Maybe some parts of the Components chapter are also interesting.
In general it isn't so difficult and it's probably simply new for you because it's similar to normal C++ programming but you have to take care of some special requirements. The whole API is defined in IDL. The IDL type definitions are translated into a binary representation (type library, rdb). For C++ you have to generate header files for the types you will need in your program. That is done with the cppumaker tool. You can simply generate all header with:
cppumaker -BUCR -O.\<myheader_or_whatever> <office_program_dir>\types.rdb

Prepare your compiler to include the <myheader_or_whatever> directory and include the necessary types in your example (see SDK examples)

To bootstrap UNO and start an office automatically you should use the simple bootstrap mechanism (see for example the TestCppComponent.cxx example in <sdk>\examples\DevelopersGuide\Components\CppComponent.
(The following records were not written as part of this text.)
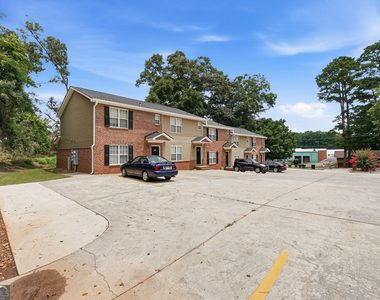 519 Lawson Street - Photo Thumbnail 5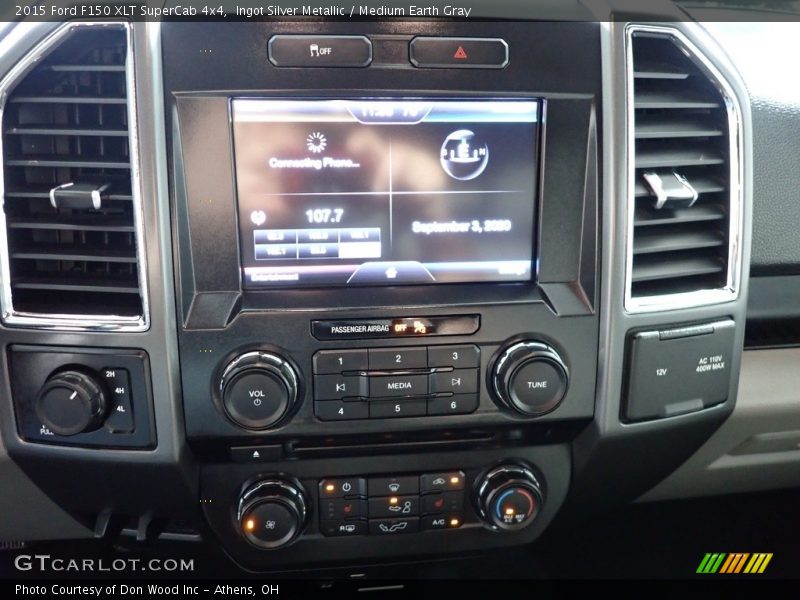 Ingot Silver Metallic / Medium Earth Gray 2015 Ford F150 XLT SuperCab 4x4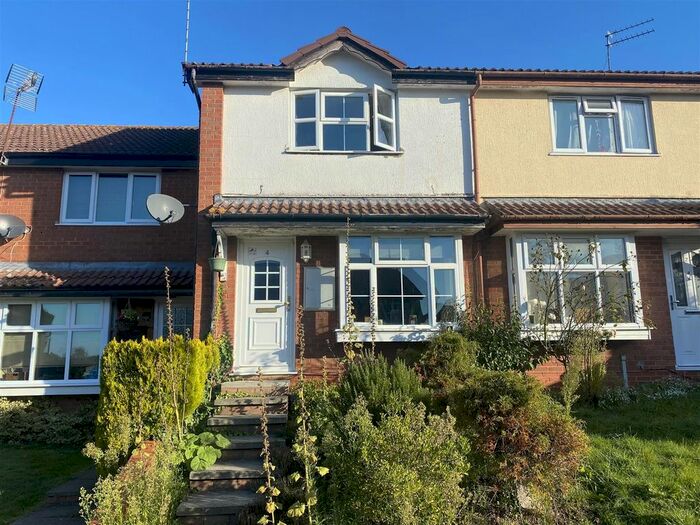 2 Bedroom Property To Rent In Sawtry Way, Borehamwood, WD6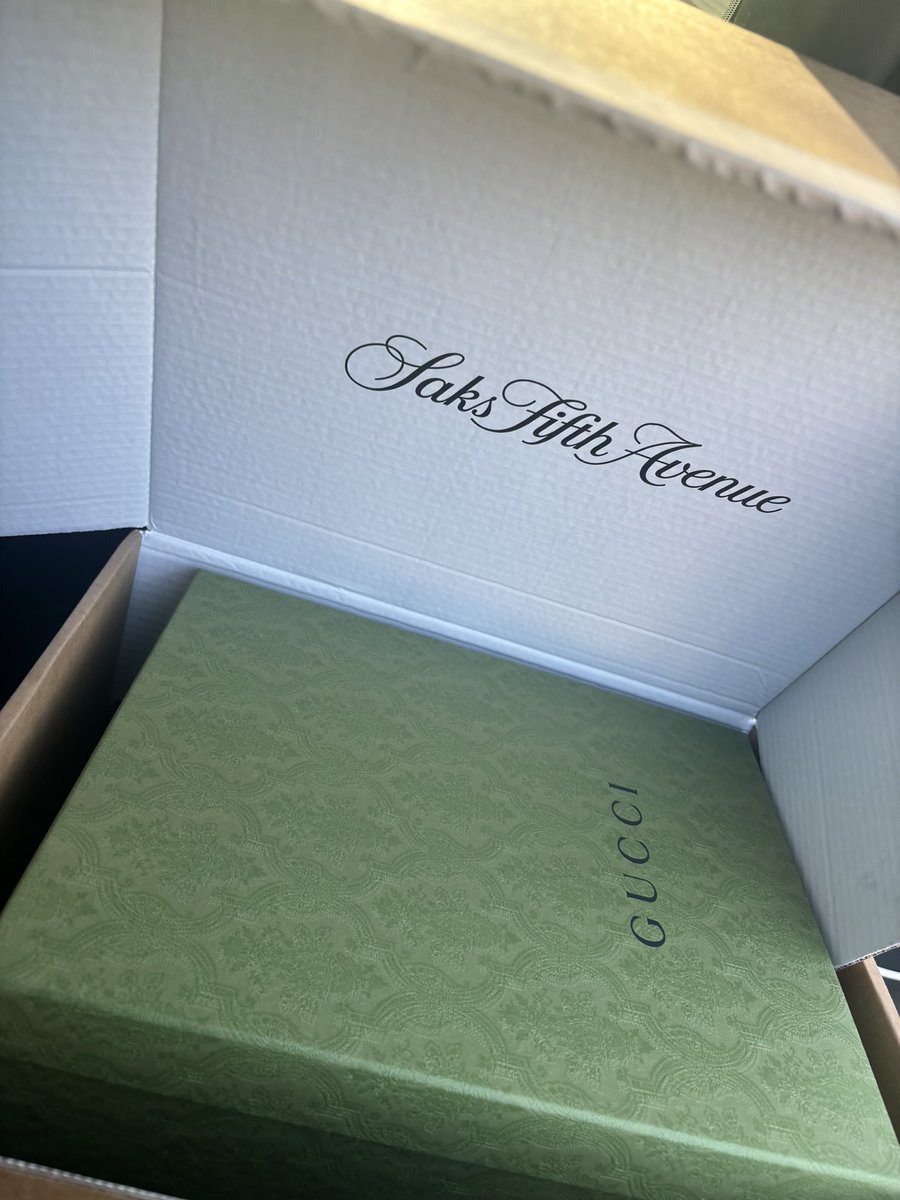 briedabrat2's tweet photo. spoiled lil bitch #thanksbd😘 https://t.co/XqjkaYqDZS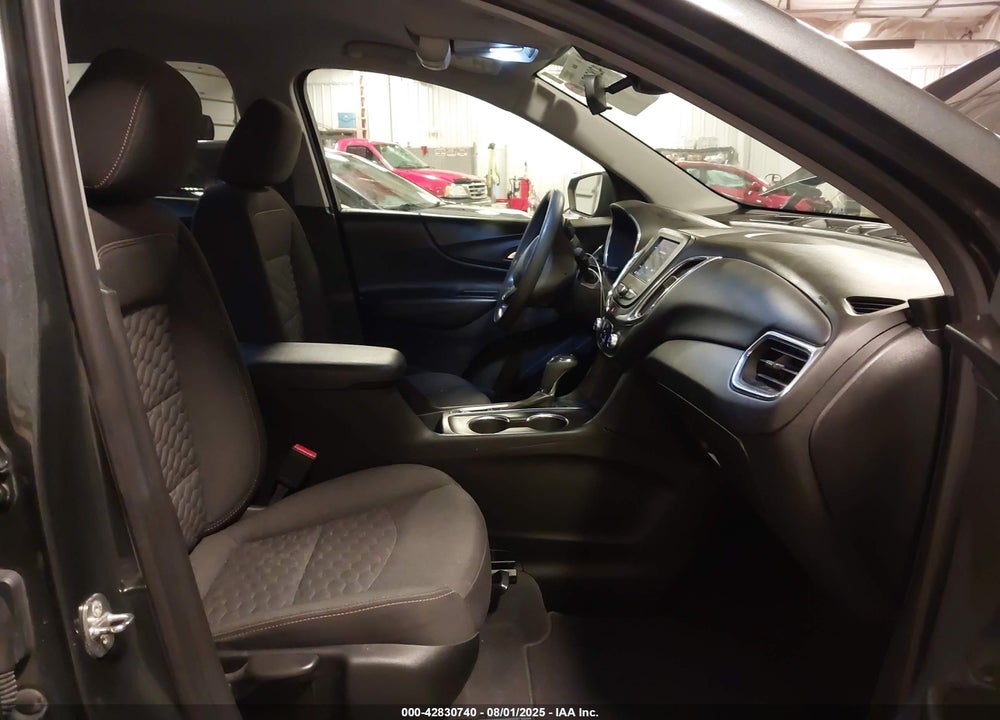 2020 CHEVROLET EQUINOX VIN: 2GNAXKEV1L6102068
Build your binary normally, rename it to _mybinary, copy the unoapploader binary from <sdk>\platform\bin in the same directory of your binary and rename it to mybinary. The renamed unoapploader binary prepare an environment for your binary and starts your binary automatically. The bootstrap function will automatically start the default office and return the global component context from the office which you can use for all further API stuff in your application (see the examples)


Juergen

Pierre-André wrote:
Hi all,

I am having problems building some code. What I do not understand is the steps needed for the code to give a program : when to link the program, what is the rdb file used for, when to compile and with which options and dependencies ?

I would like to create a main() program. This program would call an object "MyObject". This Object would encapsulate all the code related to the OpenOffice API. A sample of what the code looks like is given below.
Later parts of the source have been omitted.